- Supplied data:
•••
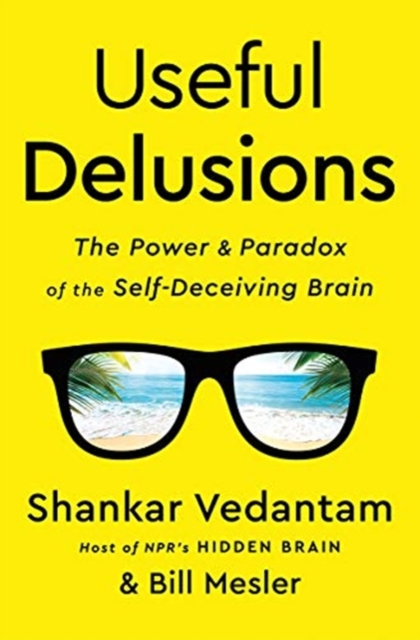 Useful Delusions : The Power and Paradox of the Self-Deceiving Brain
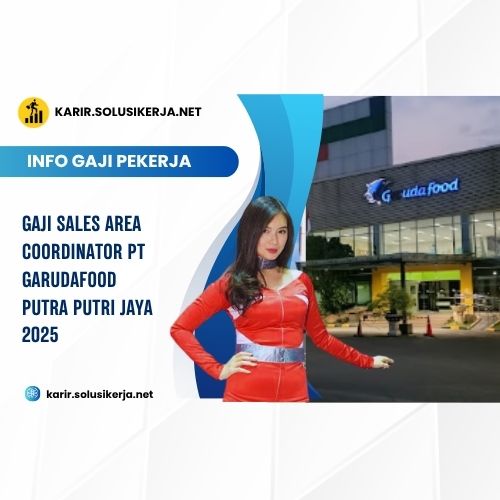 <a href='https://karir.solusikerja.net/tag/gaji-sales-area-coordinator-pt-garudafood-putra-putri-jaya-2025/' rel='nofollow' srcset=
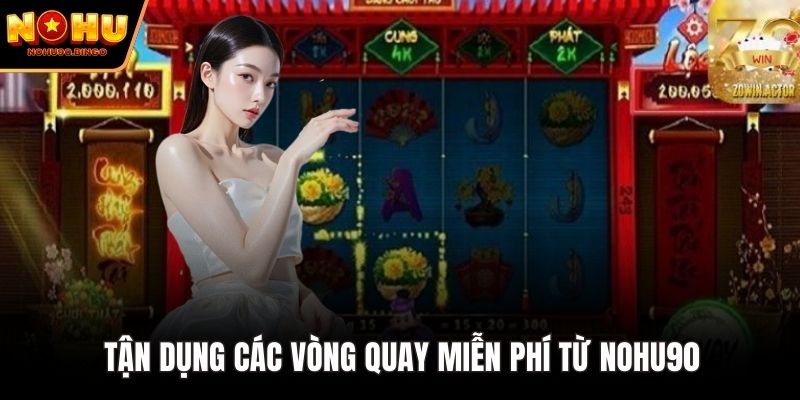 Tận dụng các vòng quay miễn phí từ nohu90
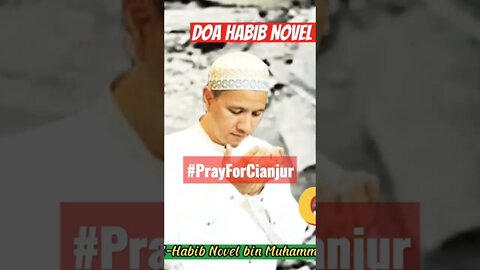 Doa Mengharukan Untuk Gempa Cianjur || Habibana Novel Alaydrus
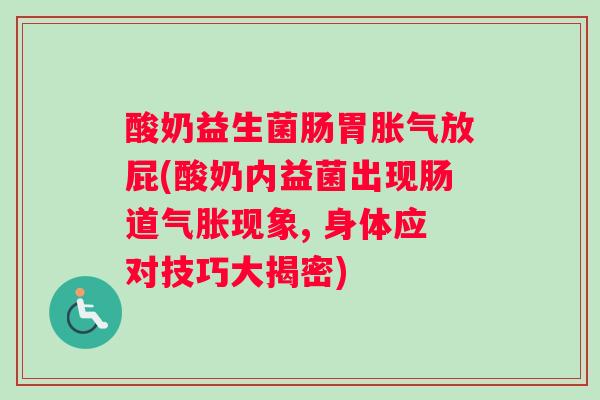 酸奶益生菌肠胃胀气放屁(酸奶内益菌出现肠道气胀现象, 身体应对技巧大揭密)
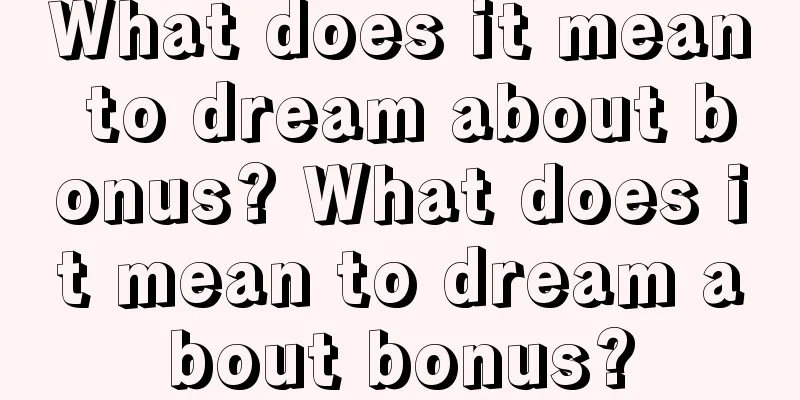 What does it mean to dream about bonus? What does it mean to dream about bonus?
•••
The reply should reproduce every entry above word for word and contain no pictures.

 Useful Delusions : The Power and Paradox of the Self-Deceiving Brain
 <a href='https://karir.solusikerja.net/tag/gaji-sales-area-coordinator-pt-garudafood-putra-putri-jaya-2025/' rel='nofollow' srcset=
 Tận dụng các vòng quay miễn phí từ nohu90
 Doa Mengharukan Untuk Gempa Cianjur || Habibana Novel Alaydrus
 酸奶益生菌肠胃胀气放屁(酸奶内益菌出现肠道气胀现象, 身体应对技巧大揭密)
 What does it mean to dream about bonus? What does it mean to dream about bonus?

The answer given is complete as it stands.